Although the data below contains pictures, please reproduce only its words, exactly.

◆ **Information provided**:

▼▼▼

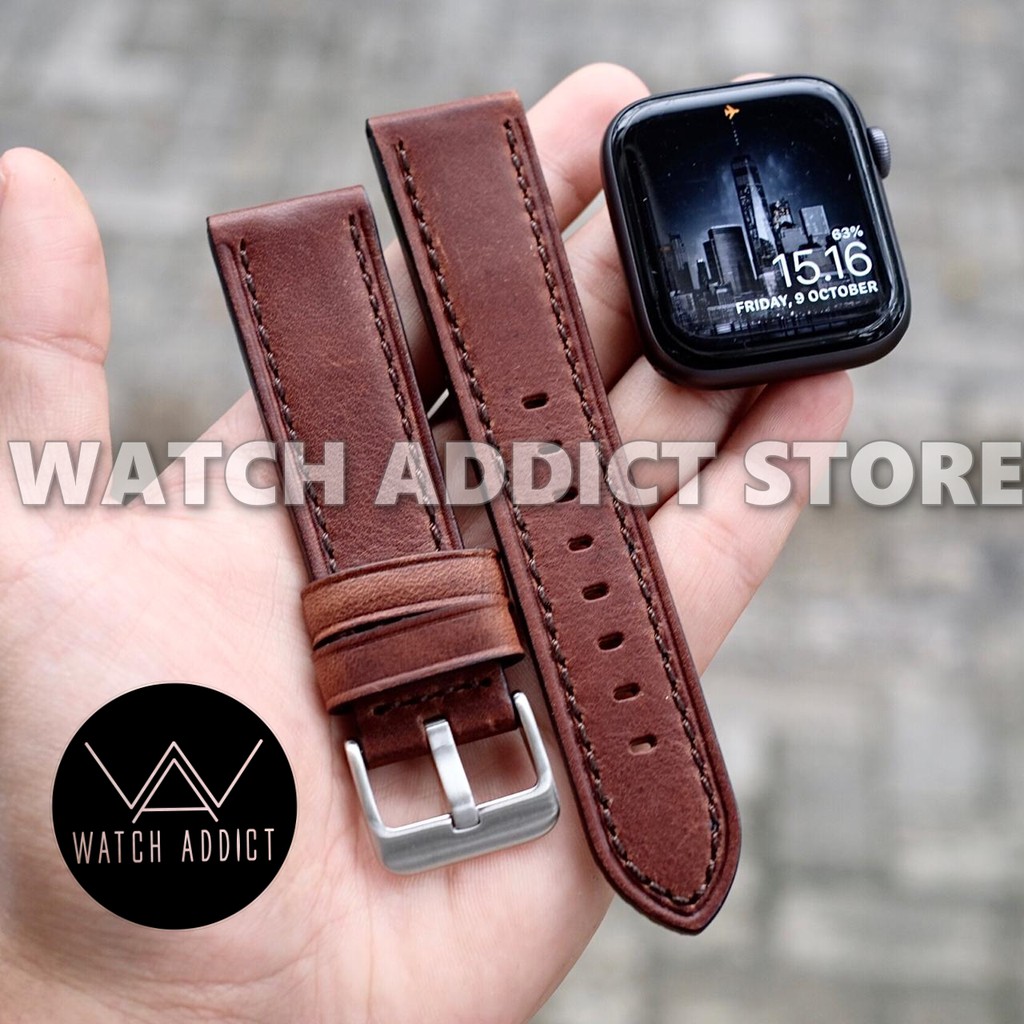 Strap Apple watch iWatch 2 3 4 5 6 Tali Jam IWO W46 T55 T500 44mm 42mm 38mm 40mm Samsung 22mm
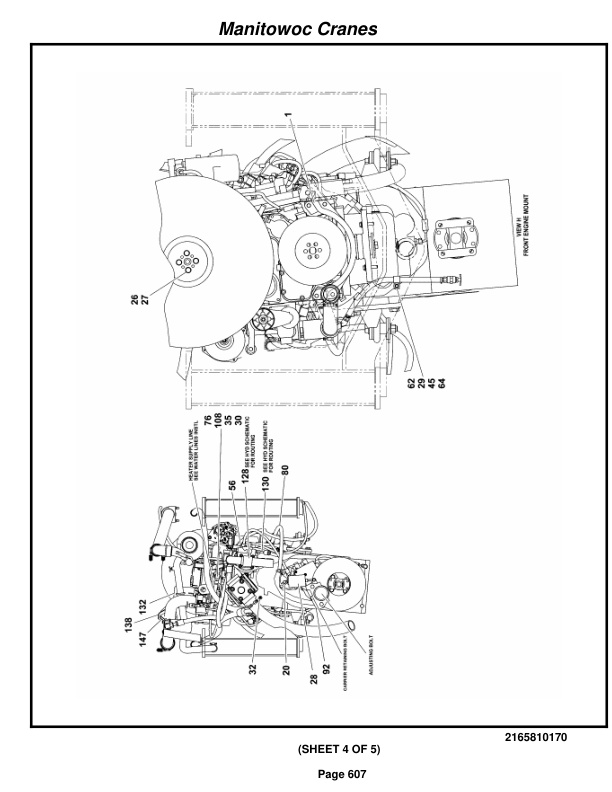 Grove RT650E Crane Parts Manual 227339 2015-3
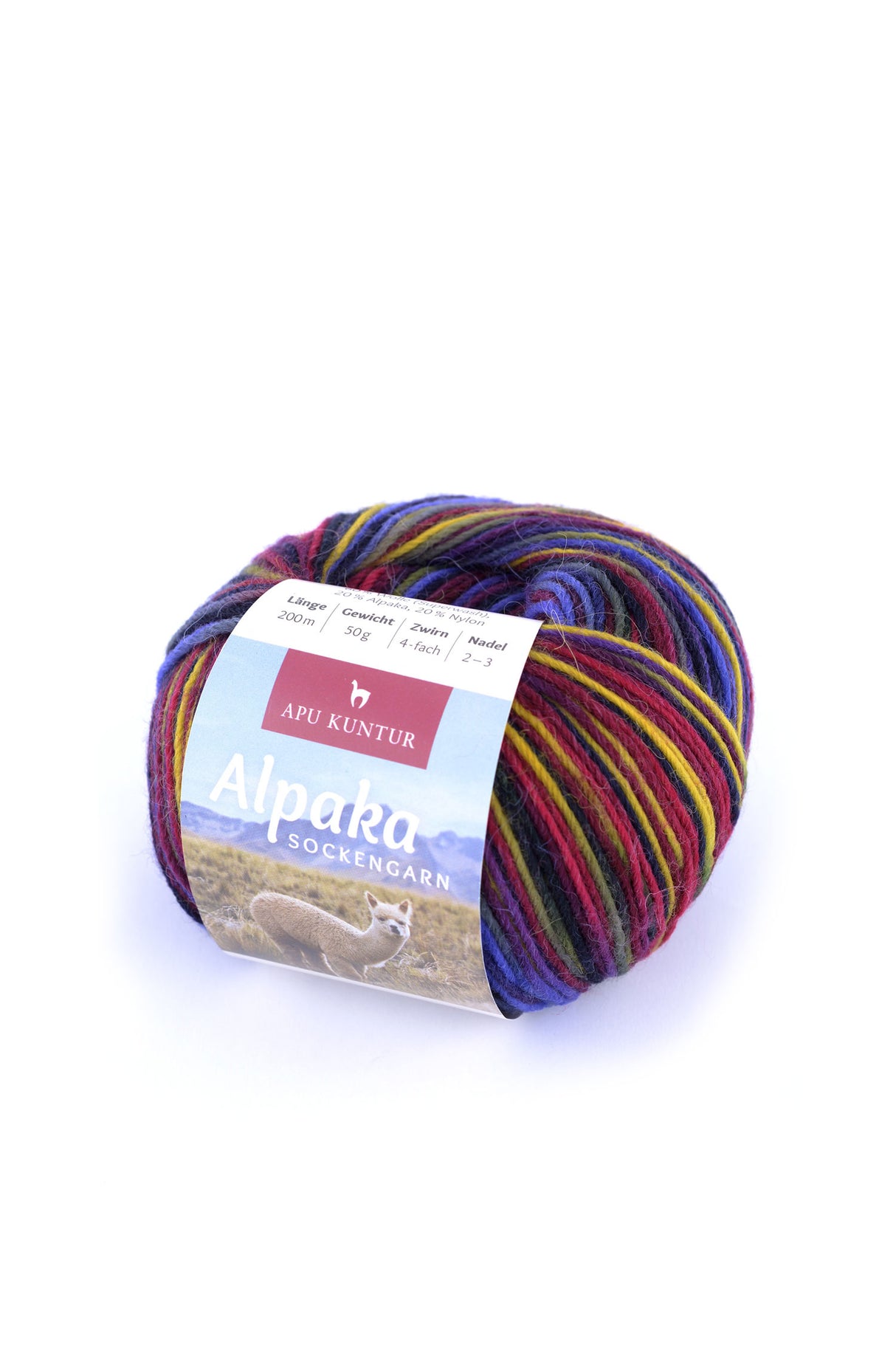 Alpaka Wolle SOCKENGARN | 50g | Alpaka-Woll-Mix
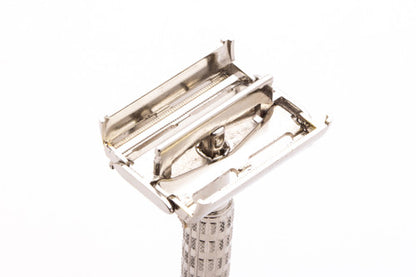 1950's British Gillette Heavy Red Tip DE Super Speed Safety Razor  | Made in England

▲▲▲

◆ **Answer space**:
 Strap Apple watch iWatch 2 3 4 5 6 Tali Jam IWO W46 T55 T500 44mm 42mm 38mm 40mm Samsung 22mm
 Grove RT650E Crane Parts Manual 227339 2015-3
 Alpaka Wolle SOCKENGARN | 50g | Alpaka-Woll-Mix
 1950's British Gillette Heavy Red Tip DE Super Speed Safety Razor  | Made in England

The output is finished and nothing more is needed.